10.       Conclusion

 

[391]       I have thus concluded that although the Tribunal had the power to decide the comparator group issue in advance of a full hearing on the merits of the complaint, the process that it followed in this case was not fair as the Tribunal considered a substantial volume of extrinsic material in arriving at its decision.

 

[392]       I have also concluded that Tribunal erred in failing to provide any reasons as to why the complaint could not proceed under subsection 5(a) of the Canadian Human Rights Act.

 

[393]       The Tribunal further erred in interpreting subsection 5(b) of the Act as requiring an identifiable comparator group in every case in order to establish adverse differential treatment in the provision of services.

 

[394]       Finally, in determining that no appropriate comparator group was available to assist in its discrimination analysis, the Tribunal erred in failing to consider the significance of the Government’s own adoption of provincial child welfare standards in its programming manual and funding policies.

 

[395]        As a result, the three applications for judicial review are granted. The March 14, 2011 decision of the Tribunal is set aside, and the matter is remitted to a differently constituted panel of the Canadian Human Rights Tribunal for re-determination in accordance with these reasons. In accordance with the agreement of the parties, no order is made as to costs.

 


JUDGMENT

 

            THIS COURT ORDERS AND ADJUDGES that:

 

1.                  All three applications for judicial review are granted.

 

2.                  The March 14, 2011 decision of the Tribunal is set aside, and the matter is remitted to a differently constituted panel of the Canadian Human Rights Tribunal for re-determination in accordance with these reasons.

 

3.                  A copy of these reasons shall be placed on Court Files T-578-11, T-630-11 and

            T-638-11; and

 

4.                  Each party shall bear its own costs.

 

 

 

“Anne Mactavish”

Judge


 

APPENDIX A

 

Canadian Human Rights Act, R.S. 1985, c.

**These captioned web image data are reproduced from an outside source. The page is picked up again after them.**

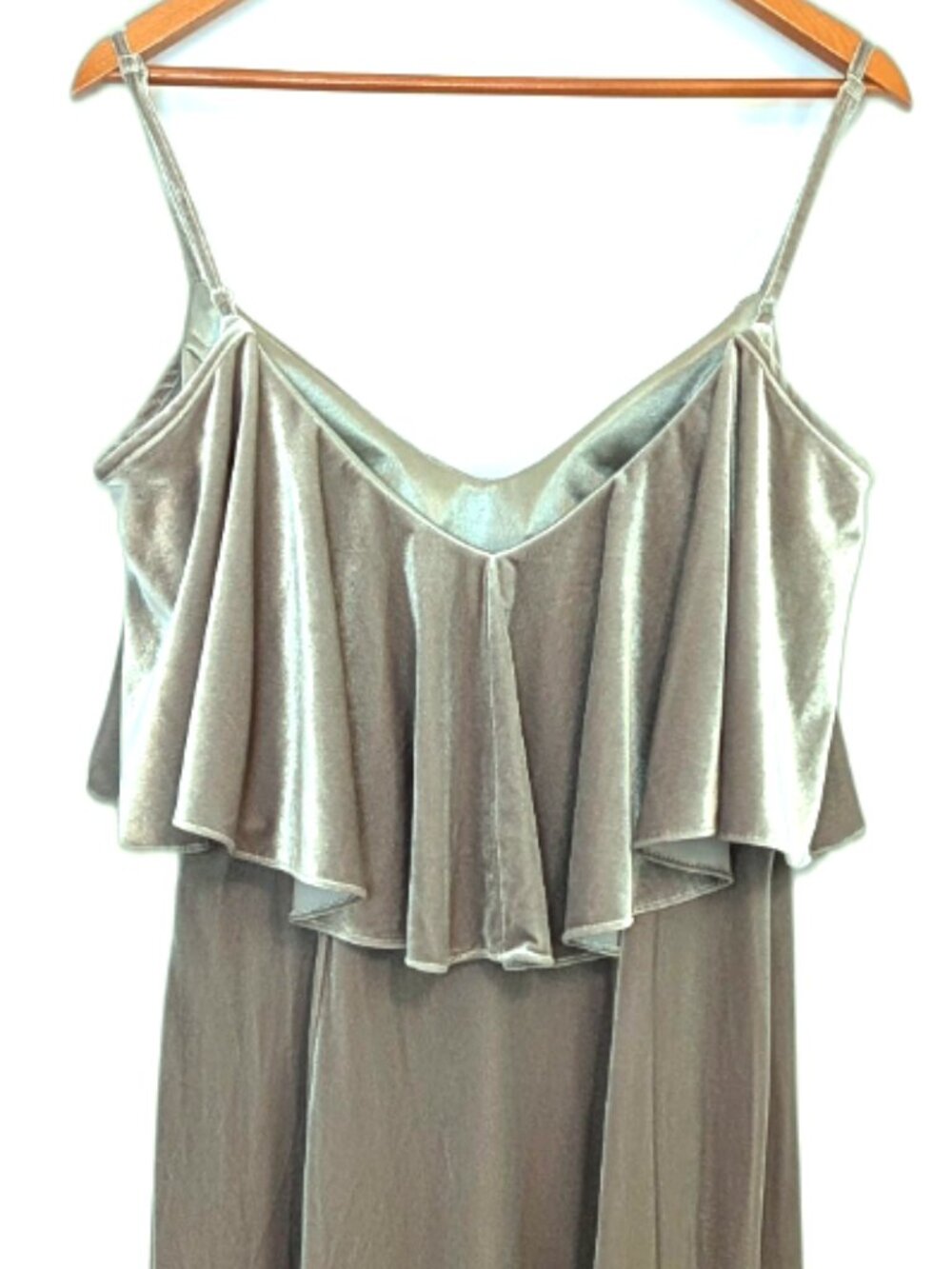 Revelry | Riley Convertible Velvet Dress Formal Sage Green | Size 12 - Picture 7 of 10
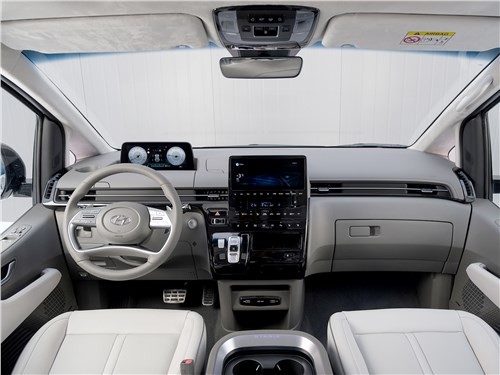 Тест-драйв Hyundai Staria (поколение I) - На что рассчитывает Hyundai Staria в сегменте полноприводных минивэнов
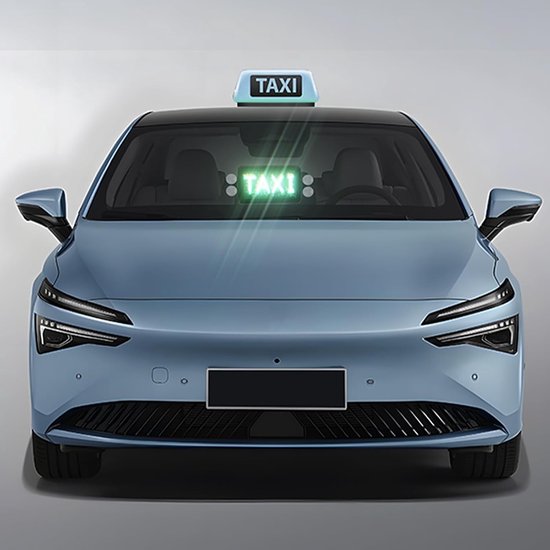 Blauwe moderne taxi met een verlicht 'TAXI'-bord op het dak en een groen oplichtend 'TAXI'-bord in de voorruit.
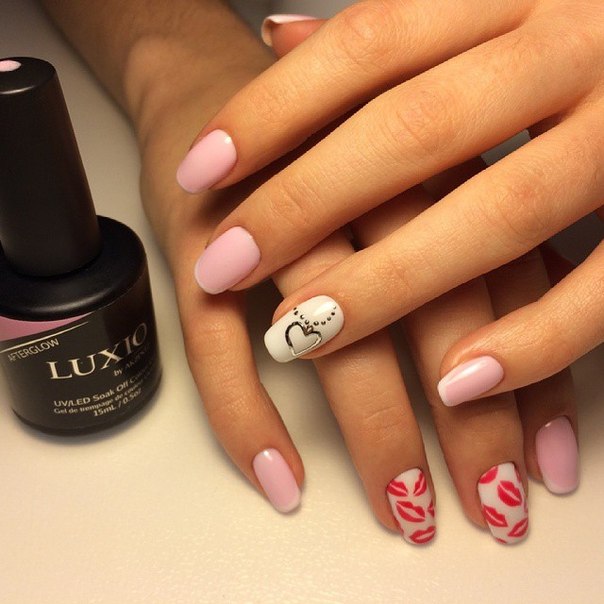 Рожевий манікюр зі сріблястими стразами та ручним розписом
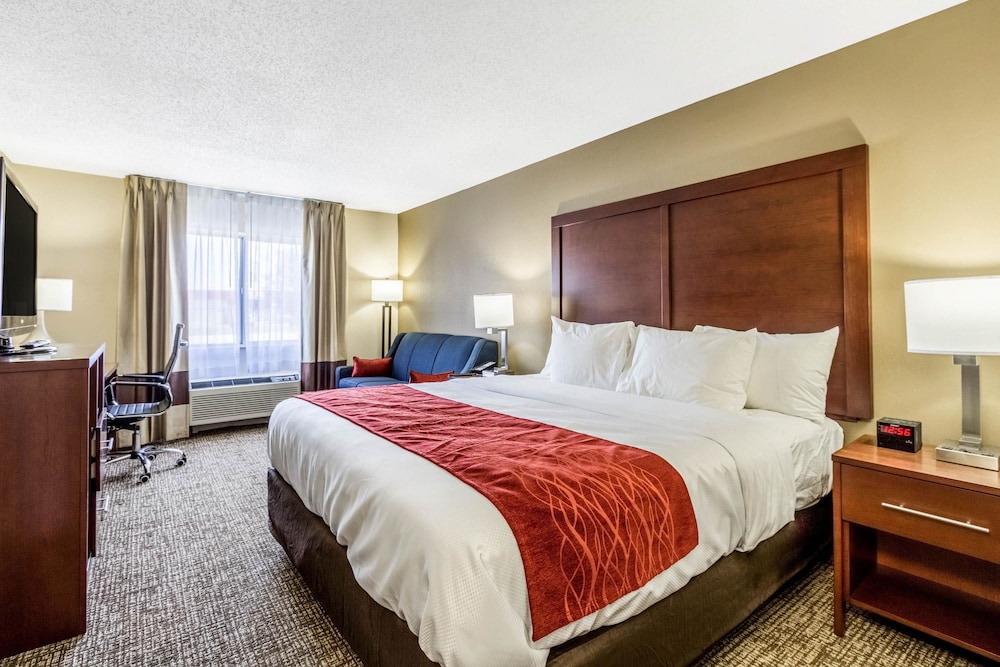 Standard Room, 1 King Bed, Non Smoking - Photo 2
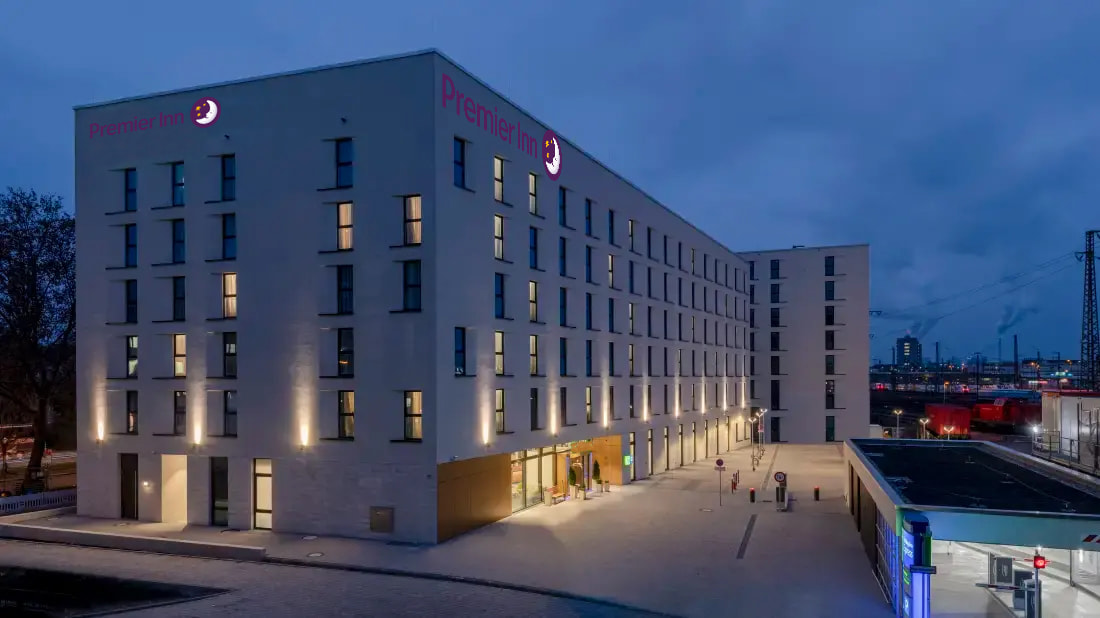 Premier Inn + 1 x Con-Paket Deluxe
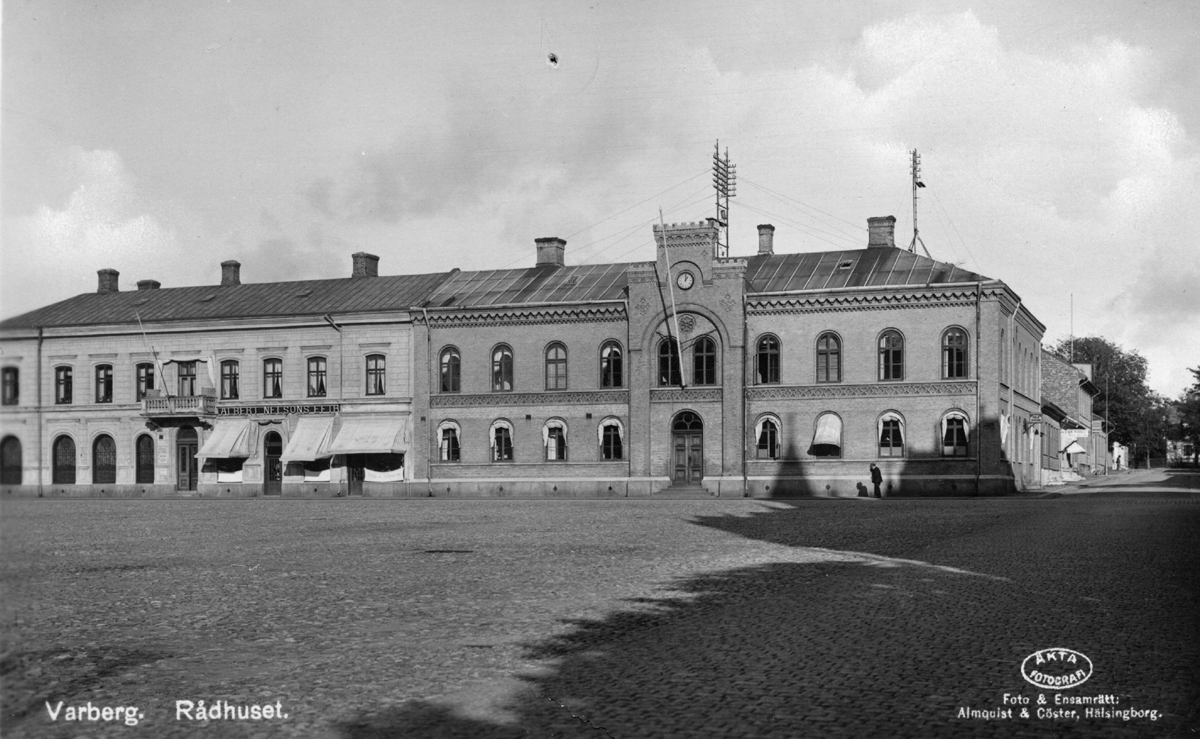Stadsbebyggelse. (Kvarteret Rådhuset, Lilla Drottninggatan. ) Huset till höger Varbergs rådhus, till vänster syns bl a Albert Nelsons eftr. Bilden tagen mot öster. 1920-tal?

H-6

2. The purpose of this Act is to extend the laws in Canada to give effect, within the purview of matters coming within the legislative authority of Parliament, to the principle that all individuals should have an opportunity equal with other individuals to make for themselves the lives that they are able and wish to have and to have their needs accommodated, consistent with their duties and obligations as members of society, without being hindered in or prevented from doing so by discriminatory practices based on race, national or ethnic origin, colour, religion, age, sex, sexual orientation, marital status, family status, disability or conviction for an offence for which a pardon has been granted.

 

3. (1) For all purposes of this Act, the prohibited grounds of discrimination are race, national or ethnic origin, colour, religion, age, sex, sexual orientation, marital status, family status, disability and conviction for which a pardon has been granted.

 

 

(2) Where the ground of discrimination is pregnancy or child-birth, the discrimination shall be deemed to be on the ground of sex.

 

5. It is a discriminatory practice in the provision of goods, services, facilities or accommodation customarily available to the general public

 

 

 

a) to deny, or to deny access to, any such good, service, facility or accommodation to any individual, or

 

(b) to differentiate adversely in relation to any individual,

 

on a prohibited ground of discrimination.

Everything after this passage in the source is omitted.